We should make a methodological distinction between techniques to make the search space as small as possible on the one hand, and techniques to search through the search space as efficiently as possible. The proposed algorithm focuses on ways to make the search space as small as possible. Using tabular methods to assert previous results, in order to prevent double work, constitutes a different dimension along which we should judge parsing algorithms. Techniques to search a given search space can then be `applied' to a given proof procedure. In the current setting is possible by the introduction of memo-relations. A similar point of view is defended by , in the context of LR-parsers.
In the section on memo-relations in chapter 3 I presented a Prolog implementation of so-called `memo-relations' (this name is inspired by the concept of `memo-functions' in functional programming languages). The proposed technique to re-use previously established computation results can be applied for the head-driven parser for TAGs as well. In the (small) example grammars I have tested the parser with, this technique did not seem to be practically useful.

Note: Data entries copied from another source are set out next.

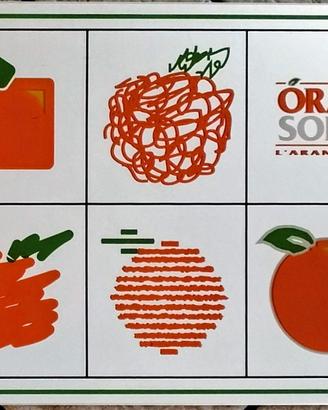 Specchio pubblicitario Oransoda  vintage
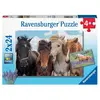 Ravensburger puzzel Paardenliefde - 2 x 24 stukjes - kinderpuzzel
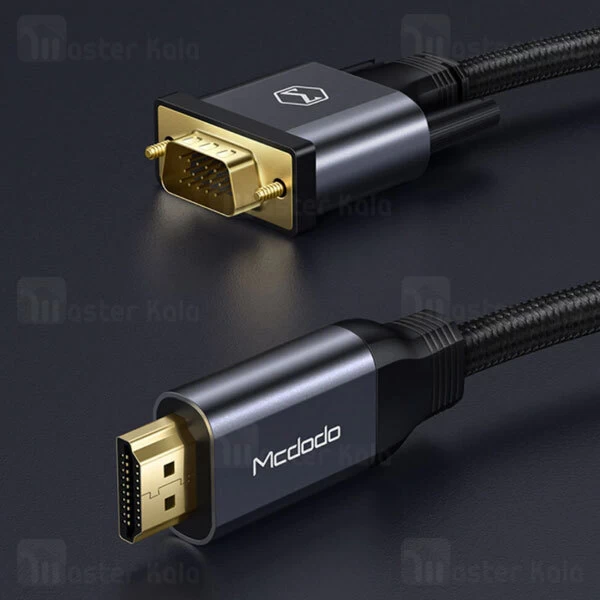 کابل HDMI به VGA مک دودو Mcdodo CA-7770 HDMI To VGA Convertor Cable 2M HD طول 2 متر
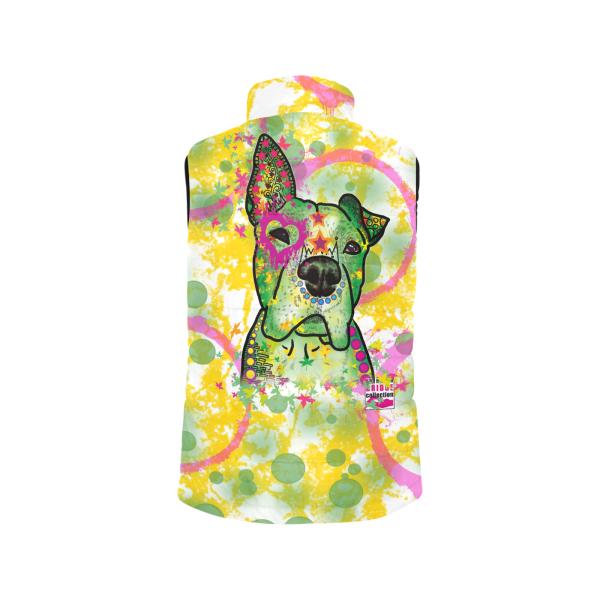 Weste mit Hundemotiv Tyson - 100 % Polyester, Wattiertes Futter, Ärmellos, bunt, Hundemotiv, AmStaff, Staff, Staffordshire, Pitbull, Pit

For the head-driven parser this technique may not be as useful for the following reason. We might expect that some given noun phrase occurring in the input string will be parsed only once for a given NP goal. In fact however, this noun phrase will be parsed several times for that goal because the input bag of words may be different each time.
For example, if the sentence to be parsed is ``the man left yesterday'', the memo'ed relation does make a distinction between the goal np,[s(0),s(0),s(0),0] (for ``the man left'') and the goal np, [s(0),s(0),s(0),s(0)] (for ``the man left yesterday''). This clearly is correct, but less efficient as we might have expected at first.
A possible way to improve upon this, is the following. Each time a result has been found we may generalize this result before the result is asserted in the data-base. For example, if we have shown an np with [s(0),s(0),s(0),s(0)] - [0,0,s(0),s(0)] we may generalize this result as the result with [s(W),s(X),Y,Z]-[W,X,Y,Z]. The problem with this is that our assumption, that no left-recursion arises, is problematic. That is, we cannot be sure anymore that no duplicate solutions are asserted in the data-base. Of course, it is possible to check before each assertion whether such a result already exists. However, in that case we need to do subsumption checking on the results of the parser, rather than on the goals. This implies much more overhead than before.